- Episode no.: Season 1 Episode 6
- Directed by: Adam Arkin
- Written by: Wendy West
- Production code: 106
- Original air date: October 28, 2013

Guest appearances
- Margarita Levieva as Gina Zanetakos; Dikran Tulaine as Max; Amir Arison as Aram Mojtabai; Charles Baker as Grey; Hisham Tawfiq as Dembe Zuma; Graeme Malcolm as The Man with the Apple; Derek Peith as Nadeem Idris;

Episode chronology
| ← Previous "The Courier" | Next → "Frederick Barnes" |
- The Blacklist season 1

= Gina Zanetakos =

"Gina Zanetakos" is the sixth episode of the first season of the American crime drama The Blacklist. The episode premiered in the United States on NBC on October 28, 2013.

==Plot==
After Tom confronts Liz about the box, and she produces the photo of him in Boston where the murder took place, he claims he is innocent and insists that they turn it in to the FBI so his name can be cleared. Elsewhere, Red informs Elizabeth and the FBI that the next name on the Blacklist is a beautiful and deadly corporate terrorist, Gina Zanetakos (Margarita Levieva), who he claims is Tom's lover. Elsewhere, Tom maintains his innocence while being interrogated. Soon, Liz realizes there is more than meets the eye when she discovers the passports containing Tom's face are forged, and he's possibly been set up. When Zanetakos says Red was behind the Boston incident, and Zanetakos has never seen Tom before, Liz tells Red the two of them are "done". The men watching Liz and Tom don't know whether Tom is innocent or not, but they are "sure he doesn't work for Reddington".

==Reception==
===Ratings===
"Gina Zanetakos" premiered on NBC on October 28, 2013, in the 10–11 p.m. time slot. The episode garnered a 3.1/8 Nielsen rating with 10.51 million viewers, making it the second most-watched show in its time slot behind ABC's Castle, which collected 10.69 million viewers. "Gina Zanetakos" was also the eighth most-watched television show of the week.

===Reviews===
Jason Evans of The Wall Street Journal gave a positive review of the episode: "For every answer, this show gives us two new mysteries. Things that we think are true are shown to be lies. What fun! So, after the past several episodes making Tom look like a bad guy and Red seem honest, we get one that completely flips the story".

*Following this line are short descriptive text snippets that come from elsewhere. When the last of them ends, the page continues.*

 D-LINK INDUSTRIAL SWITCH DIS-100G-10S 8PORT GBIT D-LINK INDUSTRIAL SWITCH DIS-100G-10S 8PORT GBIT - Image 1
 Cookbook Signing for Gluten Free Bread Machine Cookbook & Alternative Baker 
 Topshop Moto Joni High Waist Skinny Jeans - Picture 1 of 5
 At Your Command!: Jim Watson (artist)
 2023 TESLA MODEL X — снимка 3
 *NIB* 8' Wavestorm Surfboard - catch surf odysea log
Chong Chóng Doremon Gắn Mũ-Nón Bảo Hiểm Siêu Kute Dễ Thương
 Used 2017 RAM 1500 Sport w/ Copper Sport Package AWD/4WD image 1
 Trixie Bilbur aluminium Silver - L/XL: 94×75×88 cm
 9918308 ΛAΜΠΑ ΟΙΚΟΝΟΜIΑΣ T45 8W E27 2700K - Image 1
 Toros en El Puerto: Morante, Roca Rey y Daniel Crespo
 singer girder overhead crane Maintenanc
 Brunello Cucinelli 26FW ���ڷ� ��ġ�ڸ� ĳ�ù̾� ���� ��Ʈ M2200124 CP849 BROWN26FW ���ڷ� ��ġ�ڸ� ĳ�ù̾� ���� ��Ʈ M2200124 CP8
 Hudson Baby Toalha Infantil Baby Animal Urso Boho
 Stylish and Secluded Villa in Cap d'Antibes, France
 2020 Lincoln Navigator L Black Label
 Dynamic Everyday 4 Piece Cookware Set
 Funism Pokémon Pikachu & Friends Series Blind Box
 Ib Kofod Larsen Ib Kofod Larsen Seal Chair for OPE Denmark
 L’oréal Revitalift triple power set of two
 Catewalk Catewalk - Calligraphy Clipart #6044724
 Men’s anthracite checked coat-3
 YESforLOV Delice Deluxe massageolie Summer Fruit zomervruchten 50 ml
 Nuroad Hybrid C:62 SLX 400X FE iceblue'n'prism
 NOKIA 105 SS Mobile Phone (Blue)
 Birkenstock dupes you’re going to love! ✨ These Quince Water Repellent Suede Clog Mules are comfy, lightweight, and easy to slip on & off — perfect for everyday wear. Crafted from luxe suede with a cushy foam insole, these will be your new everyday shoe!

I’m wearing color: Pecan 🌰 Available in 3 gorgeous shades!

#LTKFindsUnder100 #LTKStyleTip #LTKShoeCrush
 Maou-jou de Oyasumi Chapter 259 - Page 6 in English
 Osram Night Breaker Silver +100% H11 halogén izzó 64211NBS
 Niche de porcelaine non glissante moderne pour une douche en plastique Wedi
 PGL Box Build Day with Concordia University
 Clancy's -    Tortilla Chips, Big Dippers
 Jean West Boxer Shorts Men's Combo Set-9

Phil Dyess-Nugent of The A.V. Club gave the episode a "C−". He called the "evil scheme" of the episode his favorite "since Christopher Walken in A View To A Kill conspired to achieve a monopoly on the microchip business by flooding Silicon Valley". However, he went on to criticize Red's way of saying something "incomprehensible" to someone, as he thought the people Red were talking to were "only bewildered because of [the] cultural differences" between them.